If some people find this process too burdensome, that's their right. But plenty of skilled engineers that I've worked with don't see it as being jerked around. At the very least, I find it less burdensome that turning coding into some sort of live-performance (which an in-person coding test inevitably is).
Personally, I don't judge an hiring process primarily by how convenient it is for me. I judge it by how likely it is to be a good filter. If the company I'm applying to has a hiring process that is effective at selecting good candidates (along a number of different dimensions) then I'm more likely to enjoy working with the people there.
From this perspective, homework assignments are a good filter, and so companies that use that approach seem like better places to apply.
As an interviewer, I think they are the best at assessing the coding aspects of job performance.

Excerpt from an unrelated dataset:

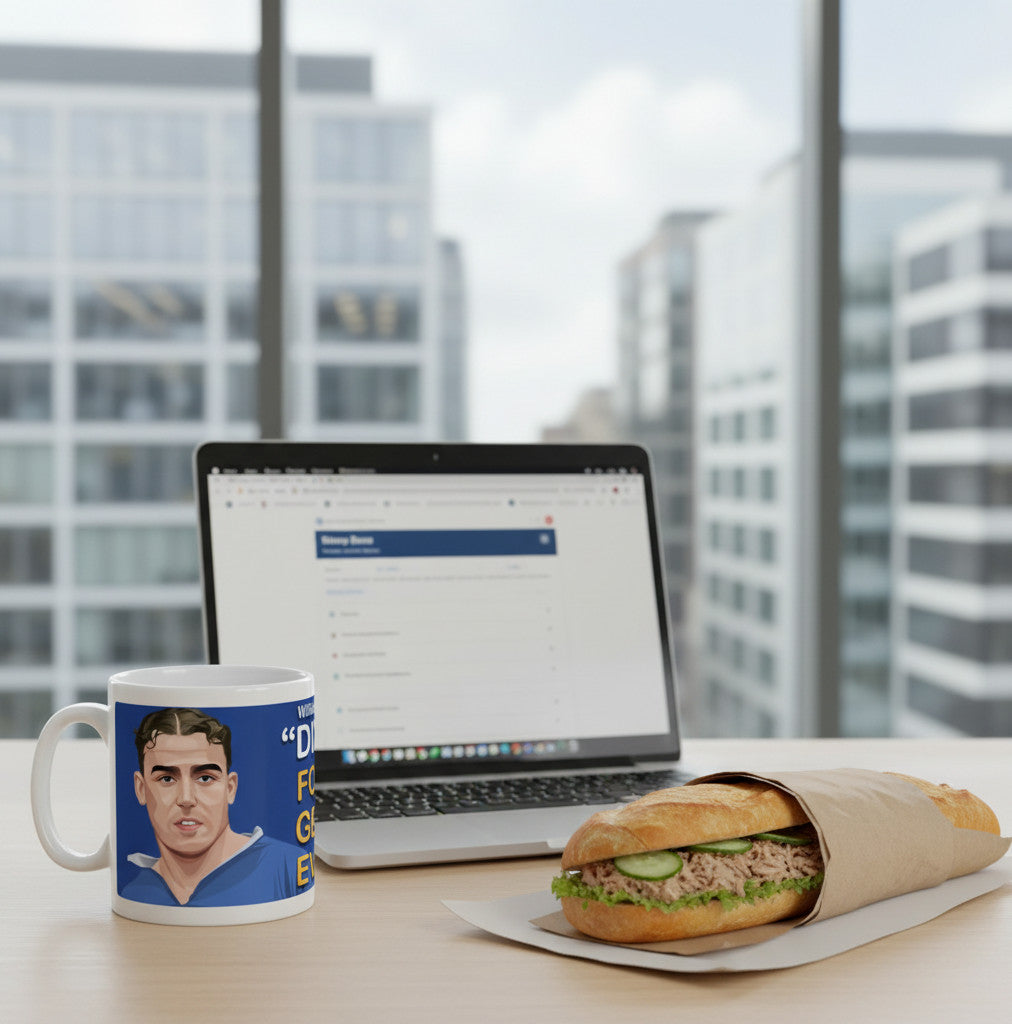 Retrotext glossy white 11oz mug featuring a portrait of Everton legend Dixie Dean on a desk with a laptop and sandwich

Not perfect, but better than high-pressure in-person whiteboard/coding tests.
As an interviewee, I like the flexibility to work on it as I have time (rather than using up PTO).
The point of using algorithms isn't to test your algorithm skills (though using job relevant algorithms is a good idea if you can) but to test your ability to translate requirements into code by eliminating the quality of requirement specification as a variable. That is, because algorithms have an unambiguous specification, failing the coding assignment due to poorly specified requirements should impossible (or much less likely).
For the non-coding part of the job, I find a (relatively short) structured interview works best.